• _Brief_:
Omit every picture, then give all the entries again exactly.

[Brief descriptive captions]
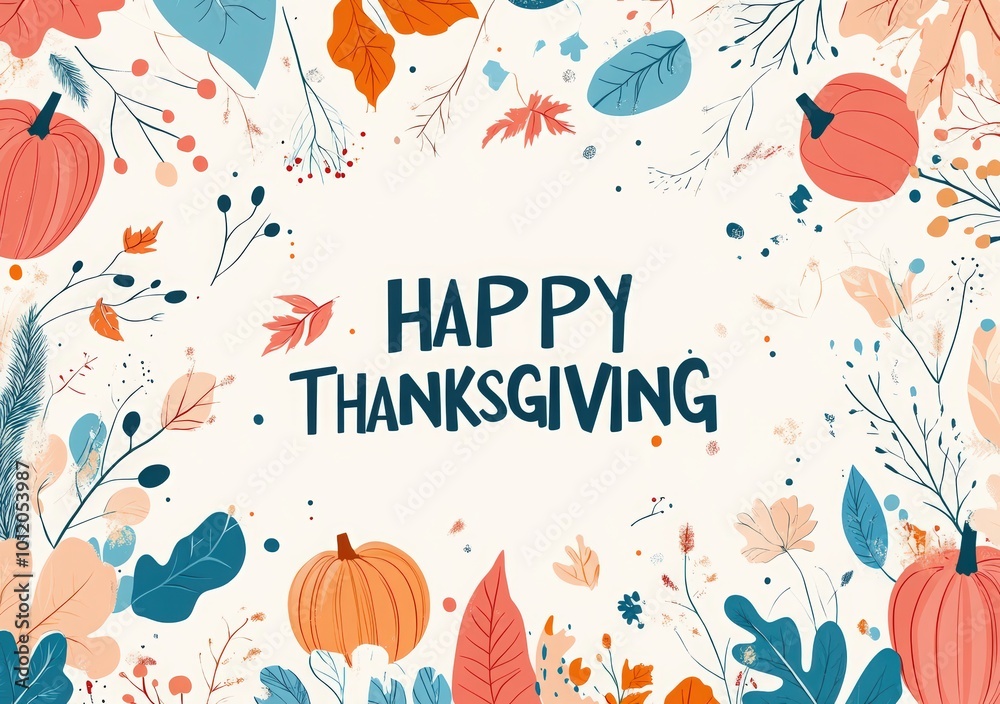Happy Thanksgiving Day background with a hand-drawn sketch of a pumpkin, autumn leaves, wild flowers and a floral frame on a white color backdrop for design elements. Happy Thanksgiving Day background with a hand-drawn sketch of a pumpkin, autumn leaves, wild flowers and a floral frame on a white color backdrop for design elements.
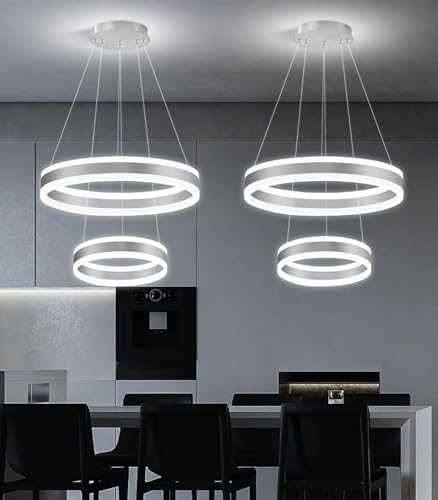 D7.8''+15.7'' Modern Ring Chandelier for Dining Room LED Dimmable Pendant Lighting for Living Room Foyer Bedroom Entryway 3000K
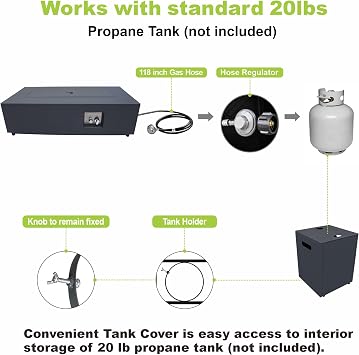 SUNPEAK 42 Propane Fire Pit Table with LED Light - 50,000 BTU with Wind Guard, Lid, Rocks and Cover - Outdoor Gas Fire Pit Rectangle - Coffee Table with Fire Pit (Black/RGB Light, 42 LED)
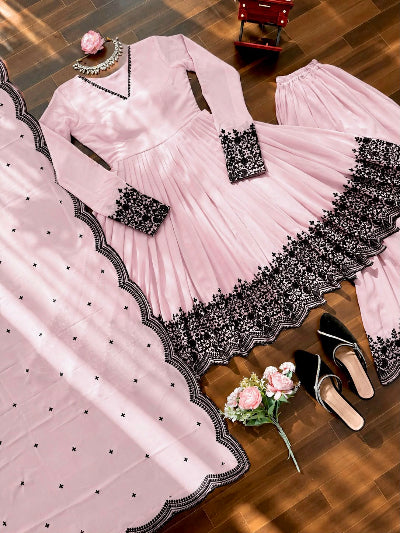 Baby Pink Georgette Embroidery Work Anarkali Palazzo Suit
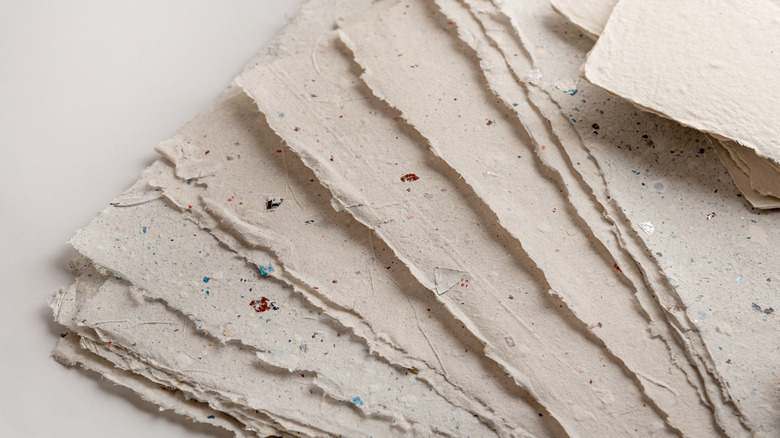 Sheets of handmade paper 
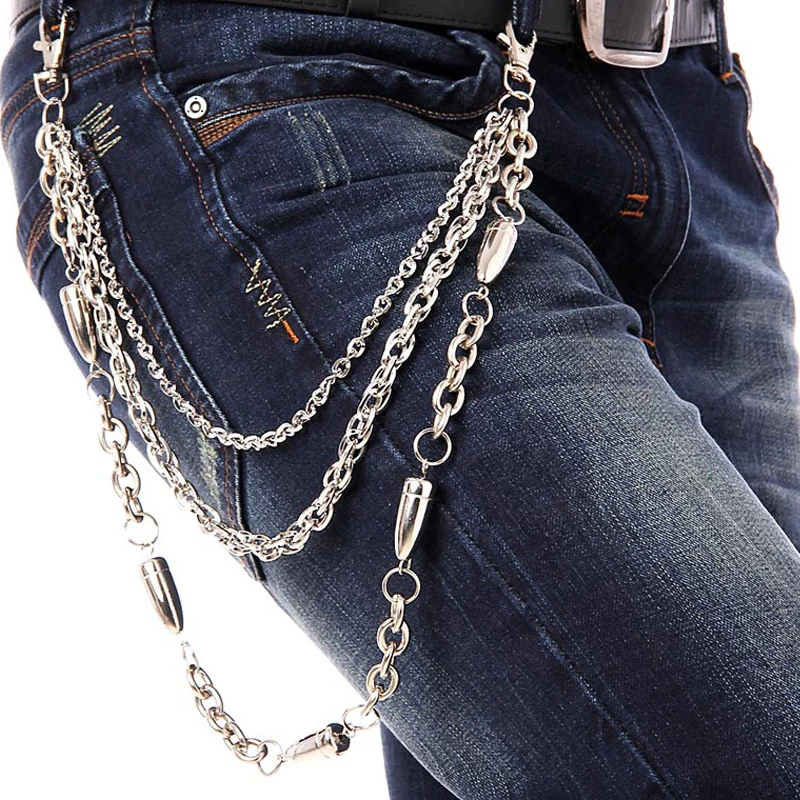 Punk Waist Chains Metal Three Layers Plating Silver Hip hop Bullet Belt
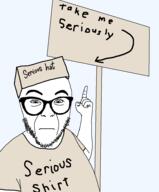 closed_mouth glasses holding_object serious serious_hat sign soyjak stubble variant:abortion_lover // 794x960 // 26.0KB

• _Answer to the exercise_:
Happy Thanksgiving Day background with a hand-drawn sketch of a pumpkin, autumn leaves, wild flowers and a floral frame on a white color backdrop for design elements. Happy Thanksgiving Day background with a hand-drawn sketch of a pumpkin, autumn leaves, wild flowers and a floral frame on a white color backdrop for design elements.
 D7.8''+15.7'' Modern Ring Chandelier for Dining Room LED Dimmable Pendant Lighting for Living Room Foyer Bedroom Entryway 3000K
 SUNPEAK 42 Propane Fire Pit Table with LED Light - 50,000 BTU with Wind Guard, Lid, Rocks and Cover - Outdoor Gas Fire Pit Rectangle - Coffee Table with Fire Pit (Black/RGB Light, 42 LED)
 Baby Pink Georgette Embroidery Work Anarkali Palazzo Suit
 Sheets of handmade paper 
 Punk Waist Chains Metal Three Layers Plating Silver Hip hop Bullet Belt
 closed_mouth glasses holding_object serious serious_hat sign soyjak stubble variant:abortion_lover // 794x960 // 26.0KB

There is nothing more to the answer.